_Work item_
Would you repeat word for word the lines of the listing that follows, from the one with "Block Printed Cotton Saree - Matkatus" up to and including the one with "Gasthof Pension Lanzenhof", and leave out the images?

_Records to process_
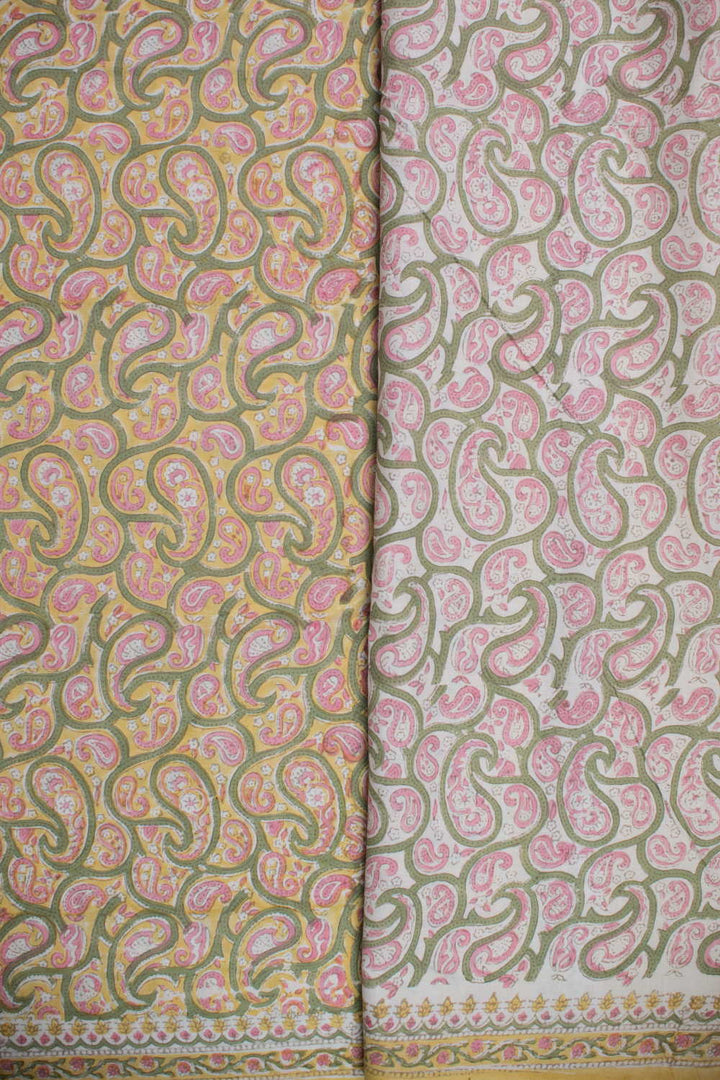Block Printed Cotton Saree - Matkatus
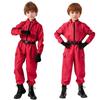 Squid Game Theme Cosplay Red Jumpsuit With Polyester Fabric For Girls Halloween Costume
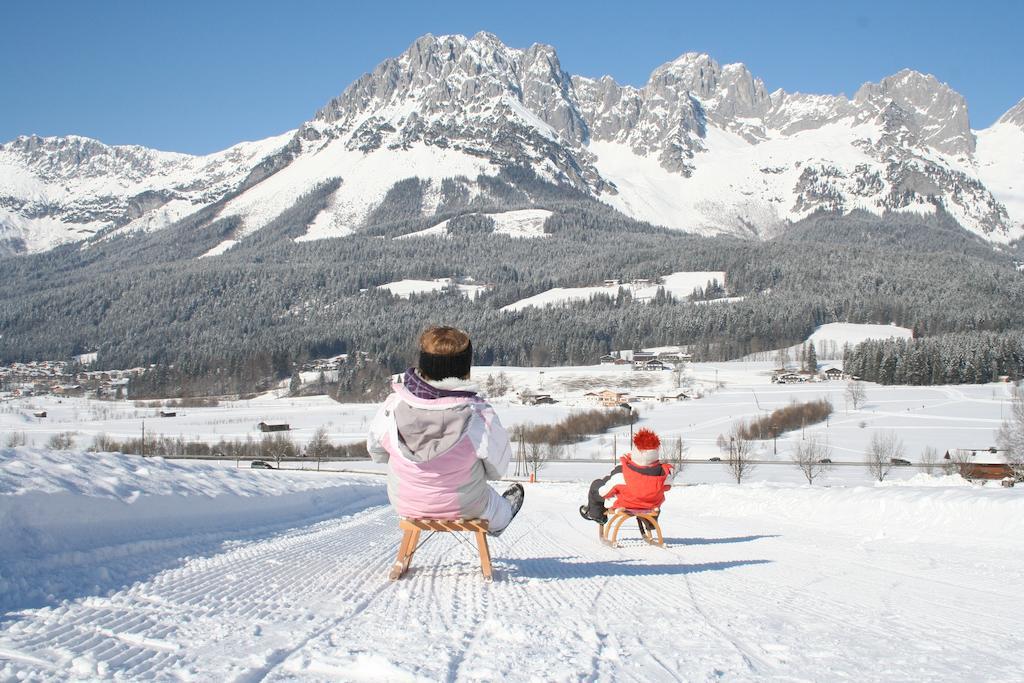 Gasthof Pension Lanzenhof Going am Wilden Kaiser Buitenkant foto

* * *

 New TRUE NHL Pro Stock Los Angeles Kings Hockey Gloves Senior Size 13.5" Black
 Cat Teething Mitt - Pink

_Response to the exercise_
Block Printed Cotton Saree - Matkatus
 Squid Game Theme Cosplay Red Jumpsuit With Polyester Fabric For Girls Halloween Costume
 Gasthof Pension Lanzenhof Going am Wilden Kaiser Buitenkant foto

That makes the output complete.